How Hybrid Retrieval Works: Vector + BM25 + Graph Fusion
A deep dive into Knol's adaptive retrieval engine: intent classification, Reciprocal Rank Fusion, and how we combine three search signals for sub-5ms results.
Three Retrieval Signals
Knol's retrieval engine doesn't rely on a single search signal. Instead, it fuses three complementary approaches:
**Vector Similarity**: Captures semantic meaning. If a user asks "What was John's favorite food?" and a past message mentioned "John loves sushi," vector similarity finds it even without exact keyword matching.
**BM25 Full-Text Search**: Captures keyword relevance. Essential for factual lookups ("What year did we switch to Postgres?") where exact terms matter more than semantic closeness.
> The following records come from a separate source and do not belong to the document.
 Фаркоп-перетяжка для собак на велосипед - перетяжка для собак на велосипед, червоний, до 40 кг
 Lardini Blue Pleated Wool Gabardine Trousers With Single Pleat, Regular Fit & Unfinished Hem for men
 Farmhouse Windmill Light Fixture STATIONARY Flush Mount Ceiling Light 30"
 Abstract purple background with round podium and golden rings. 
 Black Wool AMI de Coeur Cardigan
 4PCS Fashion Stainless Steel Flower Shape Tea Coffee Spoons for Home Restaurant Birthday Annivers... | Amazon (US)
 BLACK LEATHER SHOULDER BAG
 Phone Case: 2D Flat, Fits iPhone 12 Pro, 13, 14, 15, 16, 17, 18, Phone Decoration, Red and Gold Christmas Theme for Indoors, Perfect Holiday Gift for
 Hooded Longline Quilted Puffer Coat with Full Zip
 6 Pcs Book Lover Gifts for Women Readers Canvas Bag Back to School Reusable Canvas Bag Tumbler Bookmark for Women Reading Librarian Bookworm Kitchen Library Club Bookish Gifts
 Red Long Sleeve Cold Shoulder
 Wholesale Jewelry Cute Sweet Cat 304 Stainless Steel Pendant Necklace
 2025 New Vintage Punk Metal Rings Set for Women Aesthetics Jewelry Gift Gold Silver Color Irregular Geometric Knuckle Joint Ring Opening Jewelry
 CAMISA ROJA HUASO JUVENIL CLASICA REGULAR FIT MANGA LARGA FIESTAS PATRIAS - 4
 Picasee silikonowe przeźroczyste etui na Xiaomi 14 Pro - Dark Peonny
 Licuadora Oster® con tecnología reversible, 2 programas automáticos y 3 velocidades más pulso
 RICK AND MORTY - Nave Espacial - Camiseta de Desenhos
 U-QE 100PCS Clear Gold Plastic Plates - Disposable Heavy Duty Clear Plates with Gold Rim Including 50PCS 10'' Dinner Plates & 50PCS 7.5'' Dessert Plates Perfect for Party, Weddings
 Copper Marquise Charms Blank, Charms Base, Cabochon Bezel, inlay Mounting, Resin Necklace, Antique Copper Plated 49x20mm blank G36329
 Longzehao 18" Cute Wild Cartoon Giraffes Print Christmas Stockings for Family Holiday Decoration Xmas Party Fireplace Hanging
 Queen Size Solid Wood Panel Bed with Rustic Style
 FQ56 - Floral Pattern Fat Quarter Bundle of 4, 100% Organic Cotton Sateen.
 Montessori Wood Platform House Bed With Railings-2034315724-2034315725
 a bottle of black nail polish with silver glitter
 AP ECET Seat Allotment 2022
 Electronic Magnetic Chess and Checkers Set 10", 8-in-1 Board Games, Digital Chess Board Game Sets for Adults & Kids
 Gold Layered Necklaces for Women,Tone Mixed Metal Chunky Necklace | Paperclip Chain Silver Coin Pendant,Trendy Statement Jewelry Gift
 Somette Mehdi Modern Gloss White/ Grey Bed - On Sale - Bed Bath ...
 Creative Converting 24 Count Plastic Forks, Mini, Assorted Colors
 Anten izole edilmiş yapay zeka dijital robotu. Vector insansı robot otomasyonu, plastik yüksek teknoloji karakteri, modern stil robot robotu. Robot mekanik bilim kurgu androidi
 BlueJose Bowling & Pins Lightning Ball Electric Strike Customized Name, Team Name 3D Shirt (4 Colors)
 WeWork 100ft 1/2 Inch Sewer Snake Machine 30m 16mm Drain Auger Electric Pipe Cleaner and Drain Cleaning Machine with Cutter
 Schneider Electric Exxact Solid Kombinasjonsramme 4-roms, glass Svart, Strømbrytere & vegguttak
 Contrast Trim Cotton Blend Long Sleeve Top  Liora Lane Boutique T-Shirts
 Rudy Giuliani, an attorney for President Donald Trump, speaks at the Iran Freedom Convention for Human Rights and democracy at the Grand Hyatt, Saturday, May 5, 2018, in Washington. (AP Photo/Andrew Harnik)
**Knowledge Graph Traversal**: Captures relationship context. If you're asking about a user's preferences but you only know their ID, graph traversal can find connected entities (projects, team members, organizations) that provide crucial context.
Intent Classification
Before retrieval, Knol classifies the incoming query into one of several intents:
- Fact lookup (high precision BM25 weight)
- Relationship query (high precision graph weight)
- Preference inference (high precision vector weight)
- Open-ended context (balanced all three)This classification happens in real-time using a lightweight classifier. It's fast and dramatically improves retrieval quality by adjusting the retrieval strategy to the query type.
Reciprocal Rank Fusion (RRF)
Once you have results from three different retrieval methods, how do you combine them? Simple averaging of scores doesn't work — the scales are different. Vector similarity is 0-1, BM25 scores can be arbitrarily large.
Knol uses Reciprocal Rank Fusion to combine results:
score = 1/(k + rank_in_vector_results) +
1/(k + rank_in_bm25_results) +
1/(k + rank_in_graph_results)This method is robust to score scale differences and lets each signal contribute equally regardless of its native scale.
Sub-5ms Performance
The entire retrieval pipeline — intent classification, three parallel searches, RRF scoring, and deduplication — completes in under 5ms on typical hardware. This is possible because:
1. PostgreSQL with pgvector does approximate nearest-neighbor search (HNSW), not exhaustive search 2. BM25 uses inverted indexes 3. Graph traversal is bounded to N hops 4. Rust implementations of the fusion logic eliminate Python overhead
The result: context assembly that feels instantaneous to the application.